La mère de Sarah avait tout prévu pour son décès. Elle avait rédigé un testament. Les obsèques et le notaire avaient été payés. Sa mère allait être mise en terre parmi leurs ancêtres dans le cimetière du village d'Indian Lake, « un trou perdu » se dit Sarah. C'était une petite ville dans le Comté d'Hamilton à 160 kilomètres d'Albany. Sarah avait grandi seule avec sa mère, sans père et sans autre famille dans une petite maison de ville à Albany. Elles avaient eu une vie modeste, sa mère célibataire n'ayant que son salaire d'enseignante pour subvenir à leurs besoins. Mais elle avait eu une enfance heureuse, sa mère était attentionnée et elle avait fait en sorte que Sarah ne manque de rien. Sa mère avait toujours été fière d'elle, de son intelligence et de son talent artistique qu'elle avait hérité de son père disait-elle. Un père que Sarah n'avait jamais connu. Elle en voulait d’ailleurs à sa mère qui ne lui en avait jamais vraiment parlé, sauf par quelques rares allusions sur leurs ressemblances. Sarah n'avait pas eu le droit de connaître son père, pas une photo, pas de nom ou de description, rien.

Sarah sécha les larmes gelant sur ses joues engourdies par le froid. Elle détourna le regard de la tombe, un panache de respiration sortant de sa bouche. Elle regarda aux alentours, le cimetière était couvert par un linceul blanc, comme si les éléments participaient eux-même aux funérailles, seules les pierres tombales perçaient la neige pour rappeler la présence des morts. Sarah s'attarda sur les rares personnes présentes, elle les connaissait presque toutes, des collègues de sa mère, des voisins, un prétendant toujours éconduit, leur médecin de famille, et le notaire.

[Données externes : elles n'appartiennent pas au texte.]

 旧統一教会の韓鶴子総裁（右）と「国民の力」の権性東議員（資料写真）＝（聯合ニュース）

 Après que tous aient rendu leur dernier hommage, le groupe se dispersa rapidement pressé d'aller se réchauffer. Mr Douglas, un homme à la cinquantaine grisonnante, voisin d'Albany et amoureux toujours éconduit par sa mère, vint voir Sarah pour lui exprimer ses regrets et sa tristesse avant de partir en pleurant. Monsieur Coltrane, le notaire, dernier présent, s'avança.

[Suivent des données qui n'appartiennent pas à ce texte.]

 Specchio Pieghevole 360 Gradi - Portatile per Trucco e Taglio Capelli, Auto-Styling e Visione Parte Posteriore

« Je vous présente toutes mes condoléances Mlle Miller. Êtes-vous prête pour finaliser les formalités. »

Sarah renifla et hocha la tête, la gorge trop serrée pour répondre.

Sarah et Coltrane ne parlèrent pas dans la voiture. Le trajet jusqu’à Lake Pleasant dura une bonne demi-heure et sembla particulièrement long à Sarah. Elle regarda défiler ce paysage de grands arbres décharnés sans leur feuillage. Une foule de sombres squelettes dressés de part et d'autre de la route pour rendre un dernier hommage mortuaire. Sarah laissa le morne tableau défiler derrière la vitre ainsi que le reflet de son visage larmoyant. Elle pris son téléphone et regarda ses messages sans y prêter réellement attention.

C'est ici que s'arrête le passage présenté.